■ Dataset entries
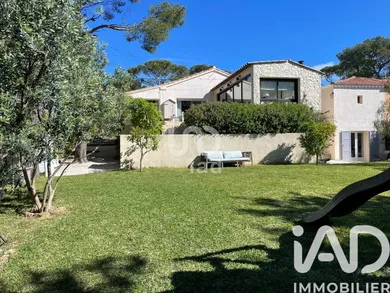 Maison à Saint-Raphaël (83700)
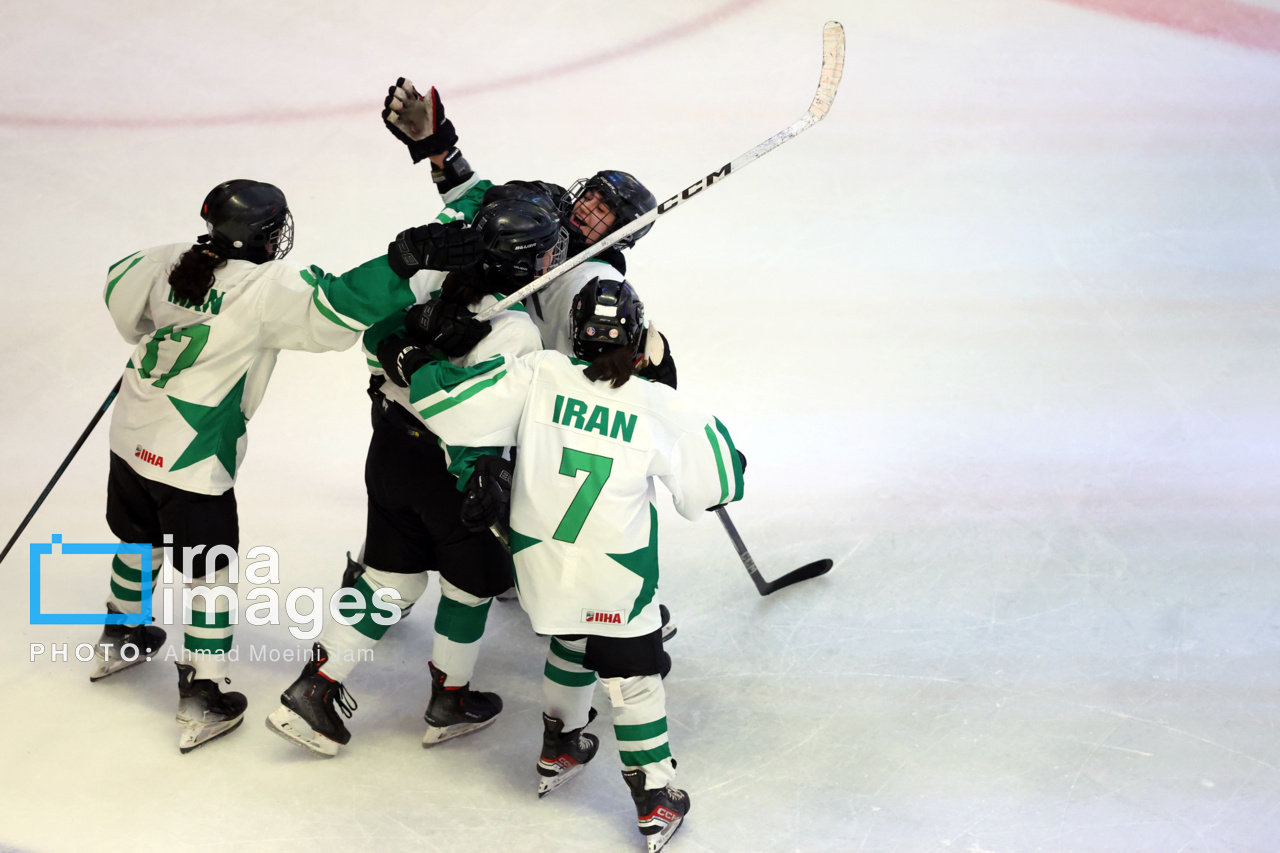  فینال لیگ هاکی روی یخ دختران 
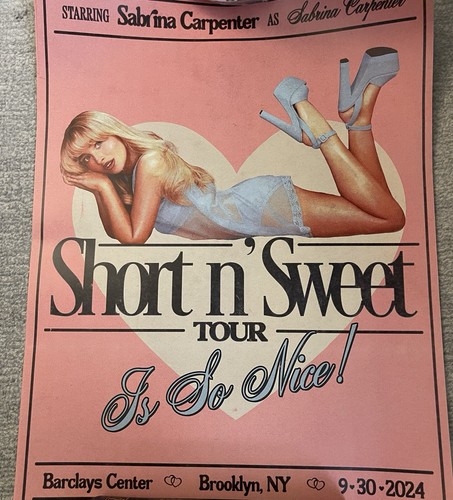 Sabrina Carpenter サイン入りポスター $_12.JPG?set_id=880000500F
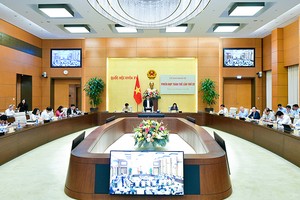 Phiên họp bắt đầu khi trời tối của Ủy ban Kl992 cổng game cá cược của Quốc hội để thẩm tra chủ trương Kl99ok phiên bản mới Dự án 99Kl.app khuyến mãi hot tốc độ cao trên trục Bắc - Nam 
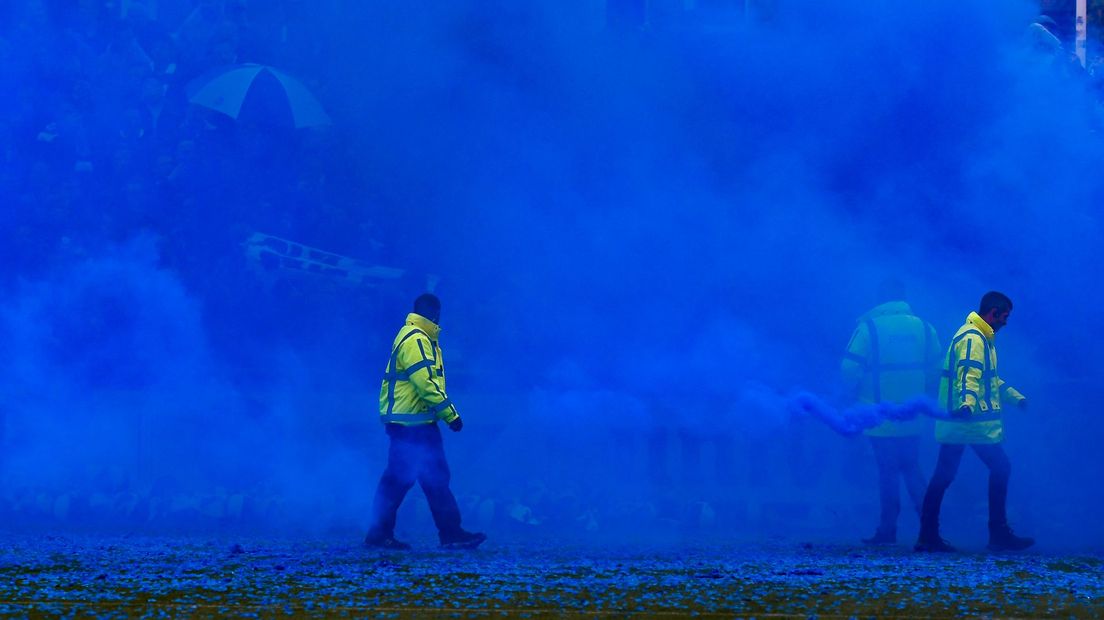 Blauw vuurwerk rond de derby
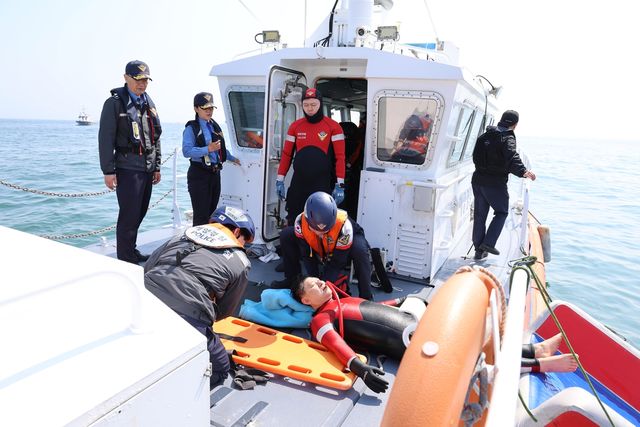 현장 대응력 점검 나선 김인창 동해해경청장(뒷줄 가운데)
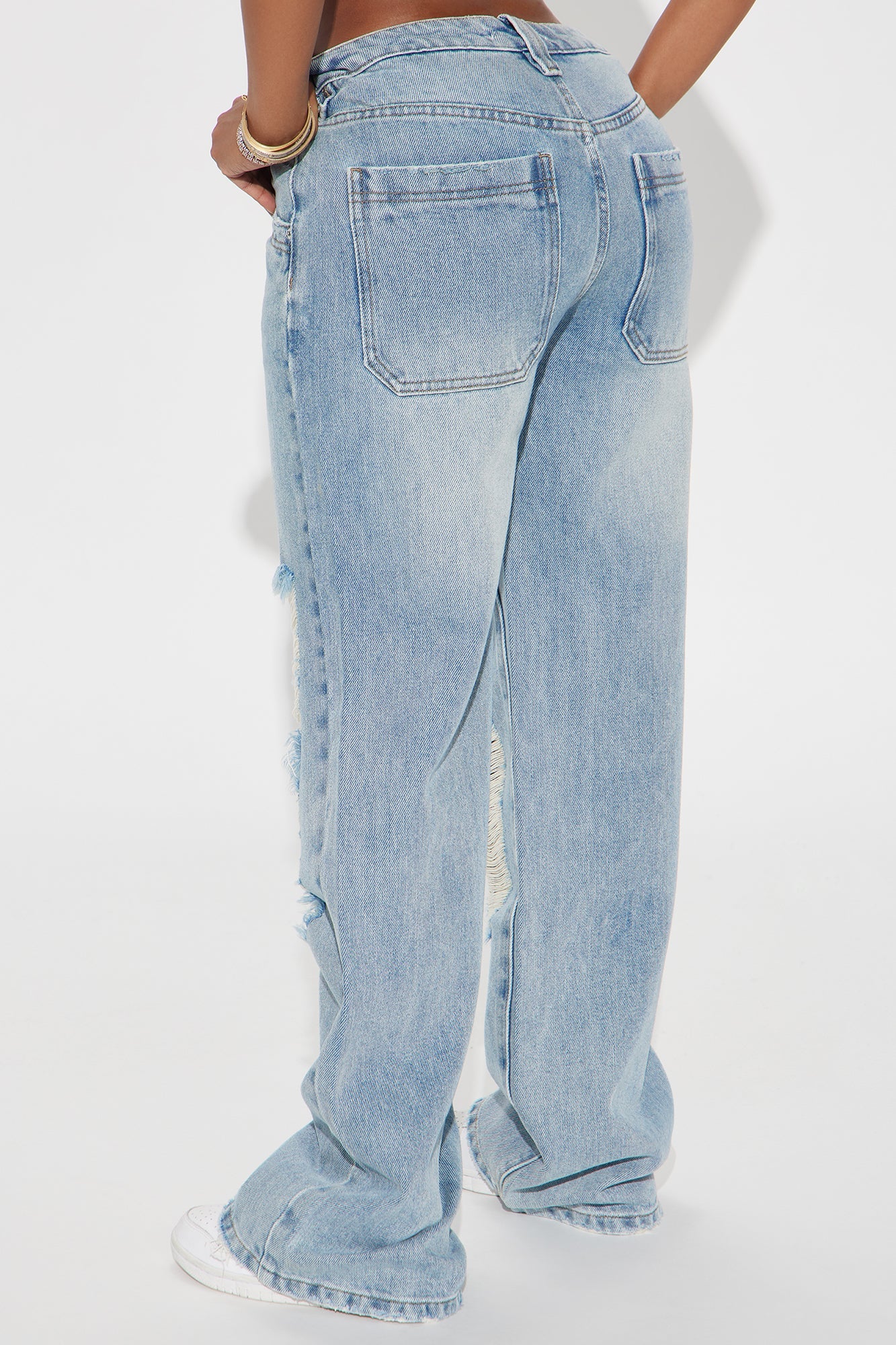 Sticking Around Ripped Straight Leg Jeans - Medium Wash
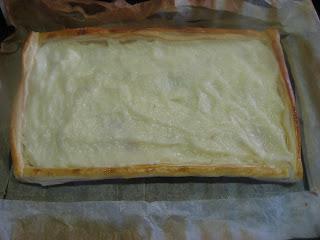 TARTA DE MORAS, MANZANA Y FRUTOS ROJOS TARTA DE MORAS, MANZANA Y FRUTOS ROJOS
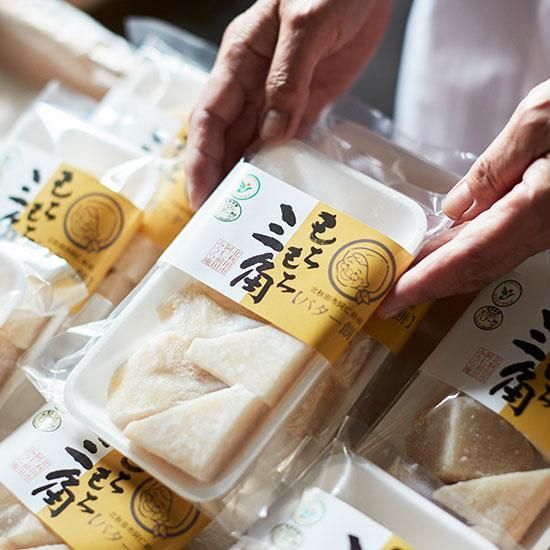 おもち みうら庵の「もちもち三角バター餅」（6個入り） 5パックセット - 秋田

■ PROBLEM REQUIREMENTS
A faithful copy of every record is required, with no pictures included.

■ YOUR SOLUTION
 Maison à Saint-Raphaël (83700)
  فینال لیگ هاکی روی یخ دختران 
 Sabrina Carpenter サイン入りポスター $_12.JPG?set_id=880000500F
 Phiên họp bắt đầu khi trời tối của Ủy ban Kl992 cổng game cá cược của Quốc hội để thẩm tra chủ trương Kl99ok phiên bản mới Dự án 99Kl.app khuyến mãi hot tốc độ cao trên trục Bắc - Nam 
 Blauw vuurwerk rond de derby
 현장 대응력 점검 나선 김인창 동해해경청장(뒷줄 가운데)
 Sticking Around Ripped Straight Leg Jeans - Medium Wash
 TARTA DE MORAS, MANZANA Y FRUTOS ROJOS TARTA DE MORAS, MANZANA Y FRUTOS ROJOS
 おもち みうら庵の「もちもち三角バター餅」（6個入り） 5パックセット - 秋田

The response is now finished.